**What this task involves:**
Nothing but the text should be carried over: reproduce all the data exactly and leave out every image.
Top of Data provided
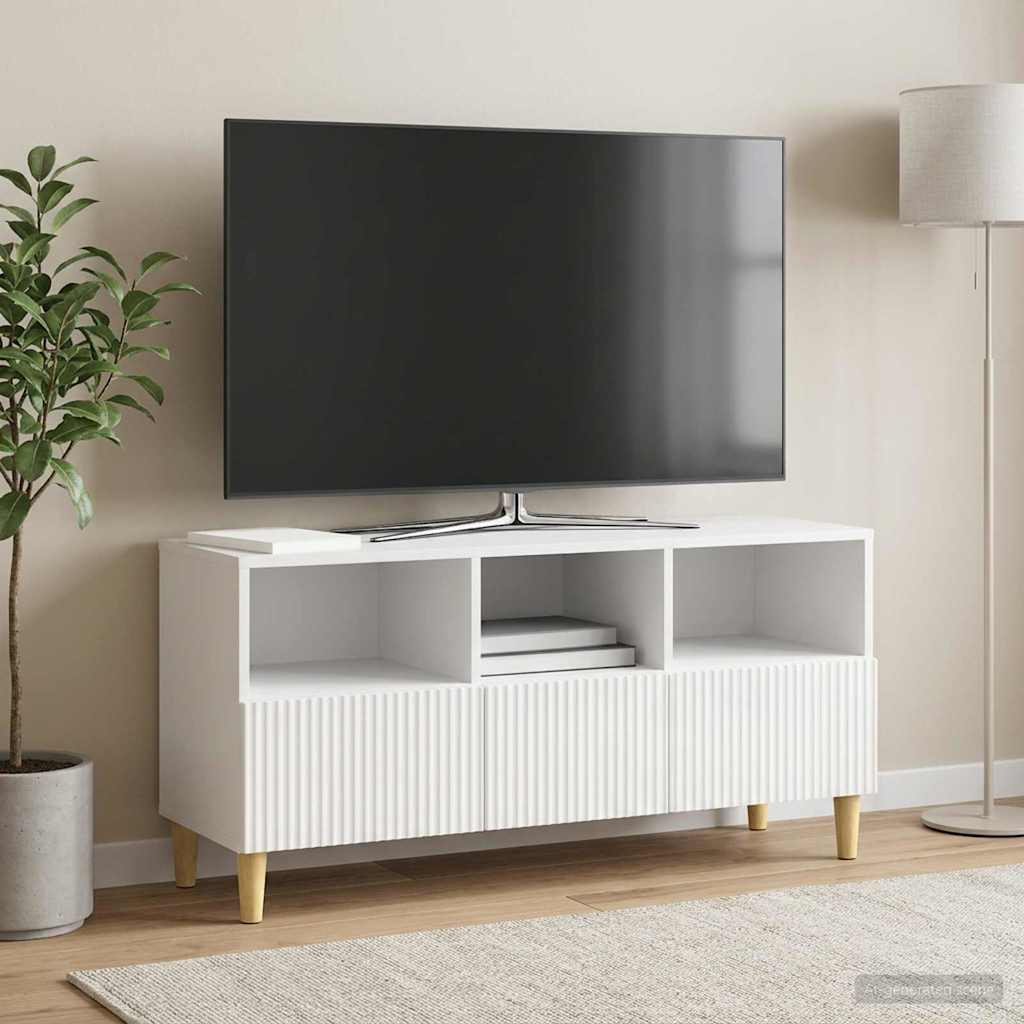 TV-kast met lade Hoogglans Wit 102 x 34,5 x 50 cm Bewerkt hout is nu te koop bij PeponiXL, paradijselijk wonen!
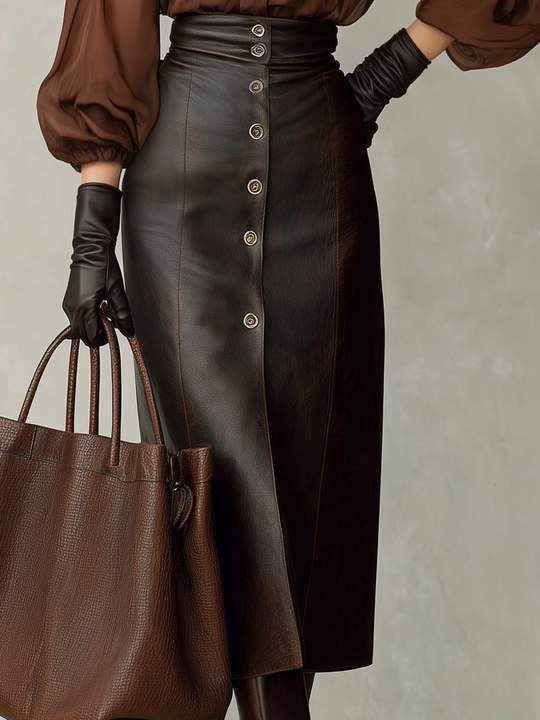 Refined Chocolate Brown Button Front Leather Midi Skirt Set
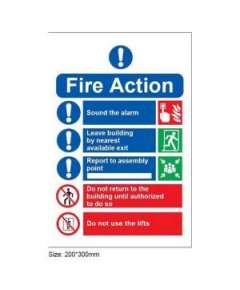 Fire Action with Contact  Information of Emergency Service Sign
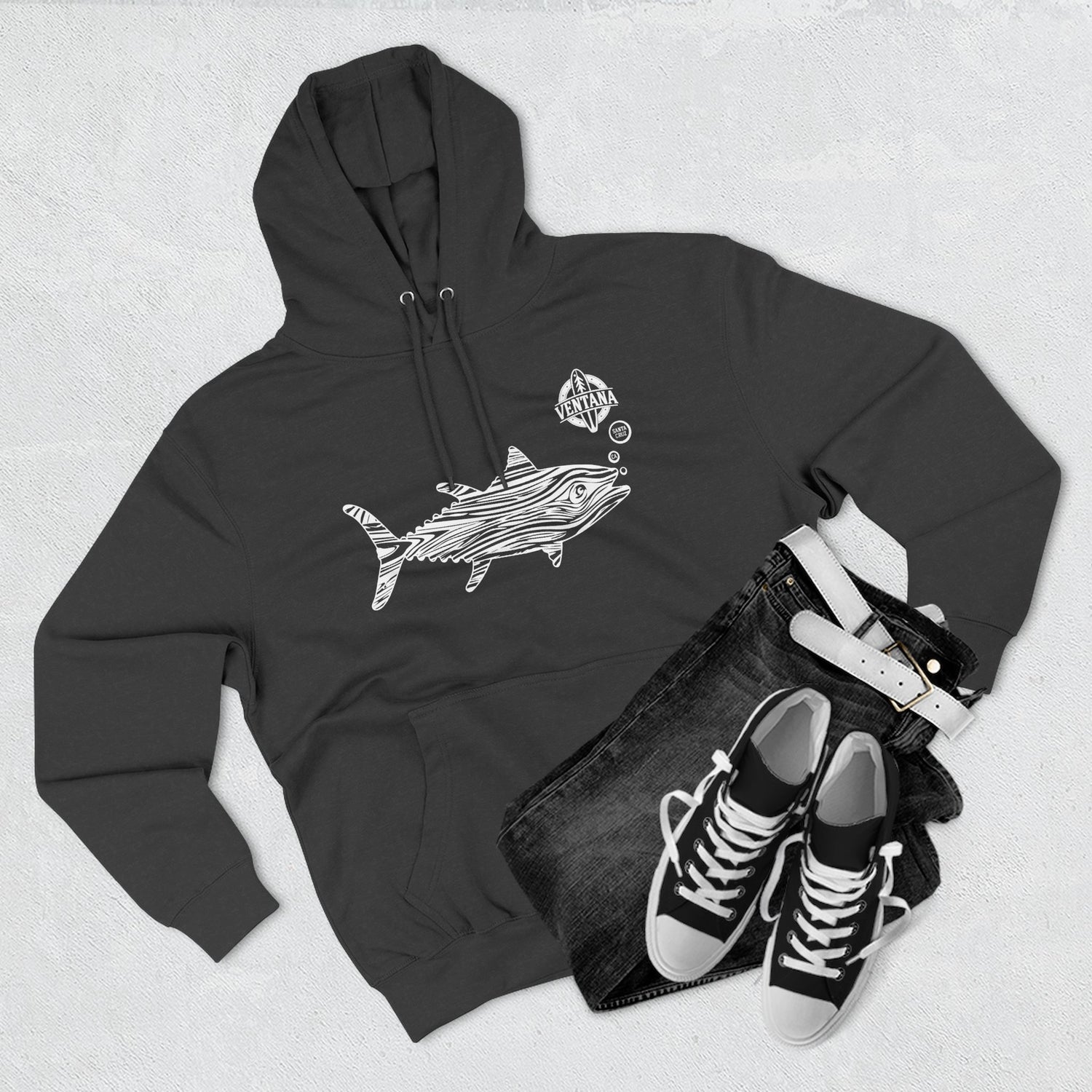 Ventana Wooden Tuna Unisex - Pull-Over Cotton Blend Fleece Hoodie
Bottom of Data provided
**Result of this exercise:**
 TV-kast met lade Hoogglans Wit 102 x 34,5 x 50 cm Bewerkt hout is nu te koop bij PeponiXL, paradijselijk wonen!
 Refined Chocolate Brown Button Front Leather Midi Skirt Set
 Fire Action with Contact  Information of Emergency Service Sign
 Ventana Wooden Tuna Unisex - Pull-Over Cotton Blend Fleece Hoodie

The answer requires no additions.